Sirah Nabawiyah

Montgomery: Afirmasi Kenabian Muhammad dan Kritik Pengaruh Kristen dan Yahudi terhadap Ajaran Islam

Senin, 23 September 2024 | 12:00 WIB

Montgomery: Afirmasi Kenabian Muhammad dan Kritik Pengaruh Kristen dan Yahudi terhadap Ajaran Islam

Ilustrasi William Montgomery Watt. Sumber: NU Online

Ketokohan Nabi Muhammad SAW tidak hanya menarik perhatian umat Islam saja, tetapi juga umat-umat lain yang tidak menjadikan Islam sebagai agama mereka. Kajian seputar kehidupannya tak pernah berhenti kendati Nabi telah wafat hampir satu setengah milenium yang lalu. Salah satu golongan non-muslim yang getol mengkaji sosok Nabi Muhammad adalah akademisi Barat yang kerap disebut orientalis.

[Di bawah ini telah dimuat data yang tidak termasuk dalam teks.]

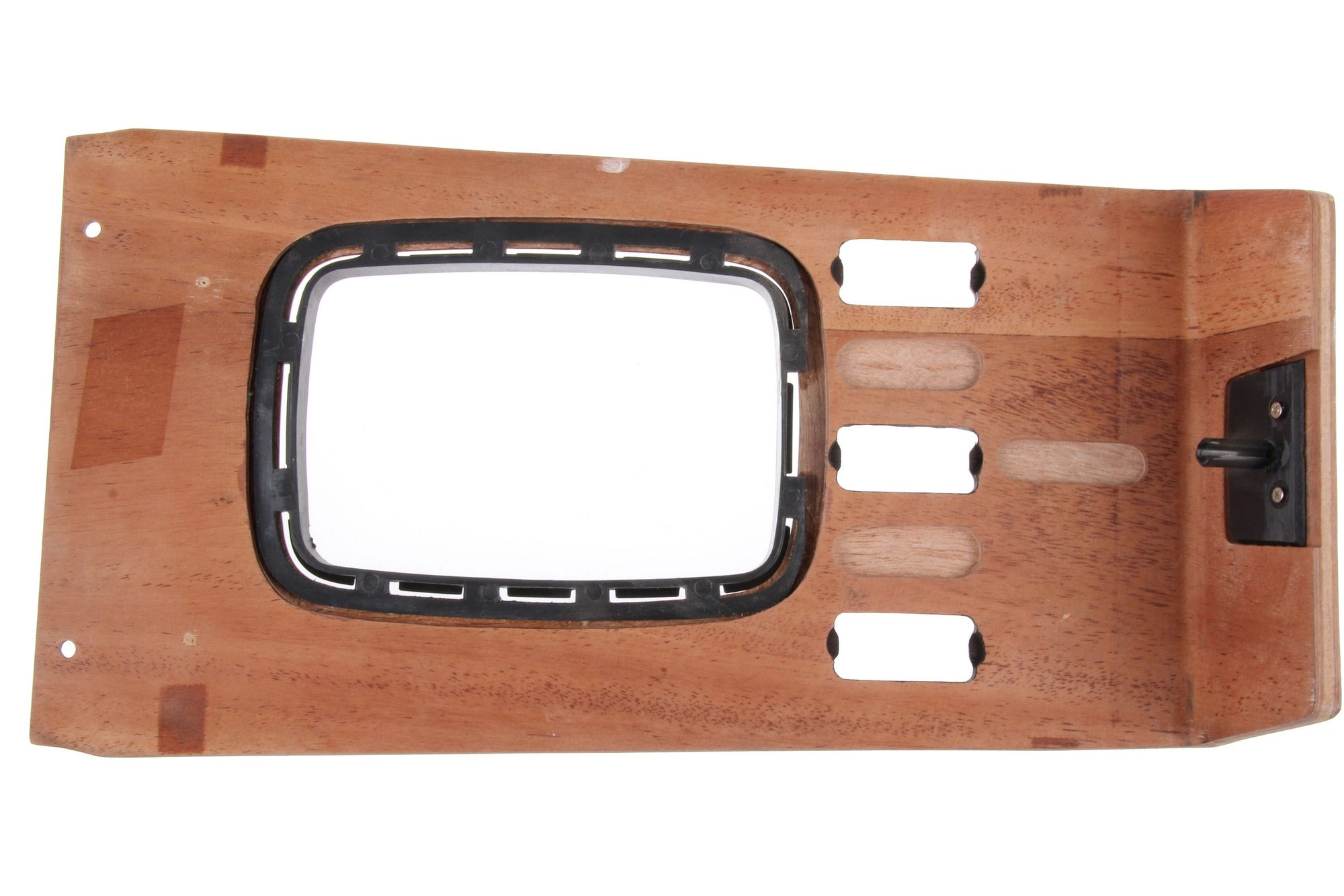 URO Parts Automatic Transmission Shift Cover Plate - WK107ZC4 — image 4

Tidak dipungkiri bahwa banyak kajian mengenai Nabi Muhammad yang dipelopori oleh orientalis yang bernada sumbang. Namun fakta ini tidak menggoyahkan fakta lain bahwa beberapa orientalis menilai positif tokoh Nabi Muhammad.

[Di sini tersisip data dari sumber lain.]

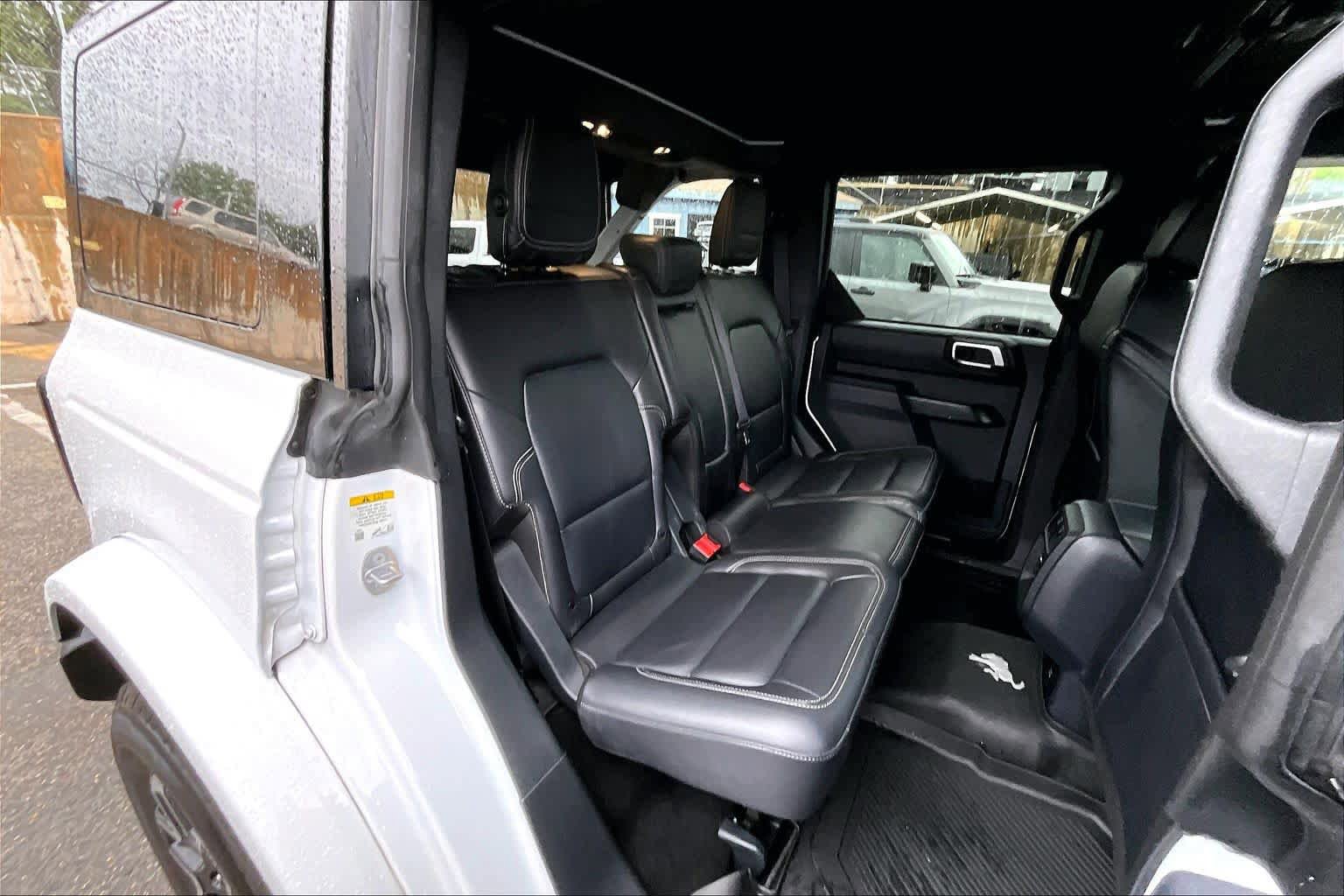 Certified 2025 Ford Bronco Outer Banks AWD/4WD image 20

Salah satu orientalis Barat yang condong membela Nabi adalah William Montgomery Watt (1909-2006). Dosen di Universitas Edinburgh sekaligus uskup Gereja Anglikan berkebangsaan Skotlandia ini mengenal Islam lewat seorang imigran muslim asal India. Ia kemudian menekuni kajian Islam di bawah bimbingan Richard Bell. Di antara karya-karya Montgomery yang dikenal luas adalah Muhammad at Mecca, Muhammad at Madina, dan Muhammad: Prophet and Stateman. 

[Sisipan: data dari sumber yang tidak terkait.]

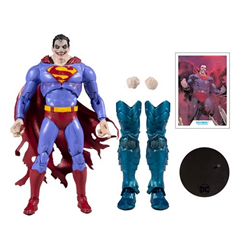 DC COLLECTOR 7" SUPERMAN INFECTED | BD Cosmos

Ia tak sungkan mengafirmasi kenabian Muhammad yang banyak disangsikan oleh para orientalis. Ia mengakui bahwa Muhammad mendapat wahyu pertama saat ia tengah mengasingkan diri untuk beribadah dan bermeditasi di Gua Hira’. Yang menjadi catatan adalah Montgomery mengklaim bahwa pada awalnya Muhammad mengira bahwa yang mendatanginya adalah Tuhan sendiri. Setelah ingat akan ajaran Yahudi bahwa Tuhan tak bisa terlihat, Muhammad baru sadar bahwa yang mendatanginya adalah Malaikat Jibril (William Montgomery Watt, Muhammad: Prophet and Statesman, [Oxford: Oxford University Press, 1961], hal. 11-15).


Profesor tamu di sejumlah universitas seperti Universitas Toronto dan Universitas Georgetown ini juga menampik beberapa tuduhan miring yang mengikis kemaksuman Nabi. Banyak orientalis yang menganggap Nabi menderita epilepsi sehingga berhalusinasi mendapatkan wahyu dari Tuhan. 


Montgomery berpendapat bahwa jika benar Muhammad terkena epilepsi, tentu ia akan menjadi penyintas kecacatan fisik ataupun mental sebagai efek sampingnya. Pada kenyataannya, tidak ada sumber yang mengatakan bahwa Muhammad memiliki keterbatasan mental maupun fisik seumur hidupnya (Watt, 1961: 19).


Ia juga menepis isu bahwa motif pernikahan Nabi dengan Sayyidah Khadijah adalah motif ekonomi. Seperti yang kita tahu, Muhammad muda adalah seorang yatim-piatu yang miskin namun punya integritas dan kemampuan berdagang yang tinggi. Banyak orientalis menganggap bahwa Nabi memanfaatkan dua hal ini untuk mendapatkan cinta bosnya sendiri, Khadijah, saudagar kaya yang menempati strata tinggi di kalangan masyarakat Makkah.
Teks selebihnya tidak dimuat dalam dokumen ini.